日本文化はほんとうは悪党文化
にほんブログ村
重要なのは余韻や残響やたっぷりの思い入れなんかではなく、すがすがしい知性の力で、明快な現実をすっくと立ち上がらせて見せることだ。そう考えた正岡子規は、芸術の改革に乗りだした- 「陽気と客観」中沢新一
野田首相が原発再開・維持政策を打ち出しつつあるが、これに抗する脱原発市民デモも、大江健三郎、落合恵子など多くの著名文化人が呼び掛け人となった効果もあり、9月19日の東京・明治公園「さよなら原発」集会デモにはこれまでで最高の六万人(主催者発表)が集まり、その熱気と興奮と感動を伝える多くのネット記事も眼にした。代々木公園まで続いたデモ行進がNHKを取り囲めなかったのは少々残念ではあるが、この日の集会を出発点に既存原発の計画的廃炉、もんじゅ及び六ヶ所村再処理工場の廃棄、自然エネルギーへのエネルギー政策の転換を求める1000万人の署名を集め国会・総理大臣に提出するのが目標だという。
勿論その趣旨には賛同するしオレも署名には参加させていただくが、ここではオレのような悪タレは一般的な賛同の声とはまたちょっと違った感想を持っている、ということを敢えて述べてみたいと思う。
類は友を呼ぶの倣い通り、オレの周りは悪人ばかりである(悪人と言っても、悪質な犯罪の前科があるという意味ではない。)が、その悪人達も今度の事故が起きて以来、原発コノヤロウとはみんな大概思っているし、再稼動とかヤメテクレだよな、とも思っているのだが、脱原発の市民運動やデモに参加しようという者はいない。誘っても断るだろう。
オレにはその理由が分かるのだが、それはなぜかというと、今のところ脱原発の市民デモが、善人達による善人達の為の善人達の宴(うたげ)として、彼ら(オレも含めて)の眼には映っているからだ。そのような場にオレ達は近付かない。

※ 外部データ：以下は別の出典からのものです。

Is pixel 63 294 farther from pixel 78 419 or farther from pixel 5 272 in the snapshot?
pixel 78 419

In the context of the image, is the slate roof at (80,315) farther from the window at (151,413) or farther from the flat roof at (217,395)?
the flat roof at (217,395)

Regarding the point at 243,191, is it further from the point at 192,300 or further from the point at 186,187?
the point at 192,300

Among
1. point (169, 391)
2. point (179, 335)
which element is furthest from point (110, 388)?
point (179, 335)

今回呼び掛け人として揃ったような“良心的”文化人の顔ぶれを見ると、尚更なのだ。彼らの演説は彼らなりに心を込めての演説であり、その場にいた多くの聴衆の共感を呼んだのかもしれないが、オレ等悪タレの心にはハッキリ言ってあまり響かない。それらはオレ等からすると「余韻や残響やたっぷりの思い入れ」が多過ぎるし、その分センチメンタルにも聞こえてしまって、それだけでもう敬遠してしまうのだ。耶蘇坊主くさい大江健三郎が登場してくるだけで、なんとなくアンチ・クライマクスな滑稽ささえ感じてしまう。もし大江が「国民の敵・NHKに受信料は払うな!」と大観衆の前で叫んでくれたら、オレの大江評も赤丸急上昇するのだが・・・。

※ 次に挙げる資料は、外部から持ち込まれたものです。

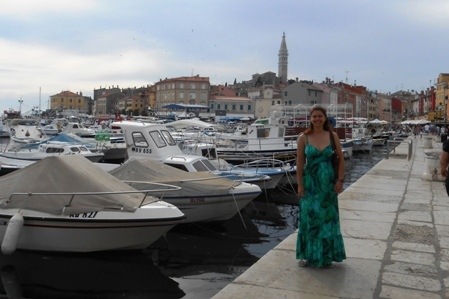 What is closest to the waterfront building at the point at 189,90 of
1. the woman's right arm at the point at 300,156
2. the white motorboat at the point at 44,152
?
the white motorboat at the point at 44,152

オレは仲間内ではインテリということになっていて、比較的本も読む方だが、ハッキリ言って他の人間は普段本など読まないし、そういう連中からすると、“良心的”文化人の演説は、言葉多くしてなかなか核心が伝わってこない、という印象を受けるだろう。「命の大切さを第一に」などという言葉は、彼らの心には響かない。それはなんだか前に学校の授業で聞いたことが有るような気がするし、ワクワクするような新しい「発明」の感じがしない。そう、ぶっちゃけて言えば、悪タレの立場からしてみると、たとい不謹慎と言われようとも、ワクワクするような感じが有るかどうかというのが最重要なのである。そして悪タレは人から説教されることも説得されることもキライである。山本太郎やランキンタクシーの“腕っぷし”に少々反応するぐらいである。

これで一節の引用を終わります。